Tokens
Tokens, Context Windows, Truncation & Branching
1. Purpose
This article outlines three fundamentals:
- Tokens — the unit models use to measure and process text, including language‑dependent effects.
- Context windows — how much information can be considered at once, and how window size shapes behavior.
- Truncation & branching — deliberate strategies when inputs do not fit, and when exploring multiple answers is beneficial.
2. Tokens: what the model counts
Models operate on tokens rather than words. Tokens are subword pieces, punctuation, and spaces. Tokenization depends on the model and on the language; the same sentence can yield different token counts across systems.
Language effects (illustrative):
- Norwegian: compound words (e.g., høyhastighetstog) often split into several tokens; inflection adds variation.
- Russian: rich morphology (declensions, conjugations) typically increases tokens per surface word compared with English.
- Japanese: no spaces between words; segmentation relies on learned patterns, so short sentences can still produce many tokens depending on kanji/kana combinations.
Rules of thumb:
- 1 token roughly corresponds to 3–4 Latin characters; this varies by language and tokenizer.
- Frequent fragments tend to map to single tokens; rare names and compounds often break into several.
3. Context windows: the model’s attention span
A context window is the maximum amount of text a model can consider in a single exchange. It includes:
- system/developer instructions;
- task instructions and examples;
- retrieved snippets or tool outputs;
- the model’s own completion (which must also fit).
3.1 How window size affects behavior
- Capacity and recency. With large inputs, attention tends to emphasize more recent segments. Earlier constraints or facts can fade, leading to partial forgetting of prior messages.
- Dilution. Adding many irrelevant lines reduces the signal‑to‑noise ratio; important cues compete with background text and may be under‑used.
- Compression side‑effects. When long histories are summarized to stay within the window, nuance can be lost, and later steps may rely on approximate memories rather than original details.
- Output room. The completion must fit in the remaining window.

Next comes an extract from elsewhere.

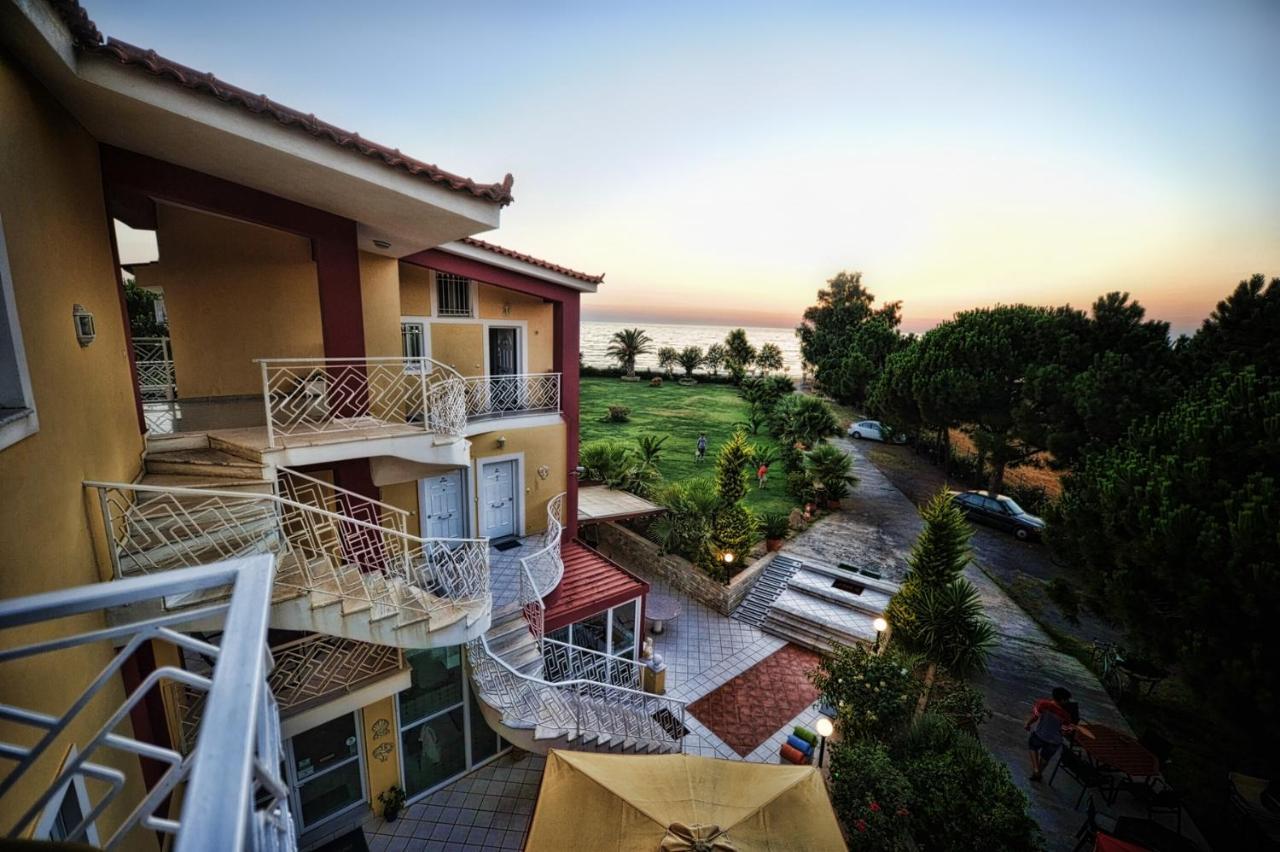 Irida Beach Resort Suites 키파리씨아 외부 사진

If the prompt consumes nearly all capacity, answers can be cut mid‑generation or become overly terse.
3.2 Long documents and conversations
- Document sprawl. Pasting entire documents invites dilution and truncation. Salient fragments are more effective than full dumps.
- Layout and OCR. Scanned PDFs and screenshots introduce noise (headers, footers, footnotes). Without preprocessing, models may latch onto irrelevant fragments.
- Conversation drift. Extended chats can exceed window capacity; earlier instructions may be truncated or overshadowed by later turns, altering tone or rules.
4. Truncation: controlled policies
When inputs do not fit, apply explicit rules rather than relying on provider defaults.
- Head‑only: keep the beginning (definitions, core instructions); risk: recent details lost.
- Tail‑only: keep the end (latest context); risk: terms and constraints lost.
- Head + Tail: keep the first A and last B tokens; drop the middle.
- Chunking with overlap: split long inputs into segments with small overlaps; process sequentially.
- Summarize then answer: first condense to a brief, then produce the final output from that brief.
- Retrieve, not paste: index sources and insert only top‑k relevant snippets per query.
Always reserve space for the completion and prefer a clear rejection or deferral over silent loss of input.
5. Branching: multiple concise candidates
Branching requests several short variants and then selects one.
- n‑best generation: produce N alternatives under a strict length cap per variant; select by simple criteria or a secondary scorer.
- Self‑check then draft: create a brief checklist of requirements, then a draft that satisfies it.
- Cascades: start with a short prompt or smaller model; escalate only when quality is insufficient.
Set explicit per‑branch length limits and a global cap to keep runs predictable.
6, Streaming and controlled stopping
- Enable streaming for longer answers to reduce perceived delay.
- Use stop sequences and maximum output lengths to end completions precisely.
- For extraction and labeling, enforce compact fixed formats to keep responses consistent.
7. Specification examples
Concise output rule
text
Return at most 8 bullet points (≤ 12 words each). If data is missing, write "unknown".
Head + Tail policy
text
If the input exceeds N tokens, keep the first A and last B tokens; drop the rest. Ensure at least C tokens remain for the model's completion.
Branching request
text
Generate 3 alternative answers, each ≤ 60 tokens and meaningfully different. Then output only the best one according to: {criteria}.
8. Summary
Tokens are the accounting unit that governs how models process text, and tokenization varies across languages such as Norwegian (compounds), Russian (morphology), and Japanese (no spaces). Context windows bound how much can be considered in one exchange; large windows introduce recency effects, dilution, and risks of forgetting earlier messages, especially in long conversations or with entire documents. Effective designs plan window usage, highlight what matters, and leave space for the completion. When inputs exceed limits, apply explicit truncation or retrieval; for open‑ended tasks, prefer several concise branches over one long attempt. These practices improve reliability and keep behavior predictable.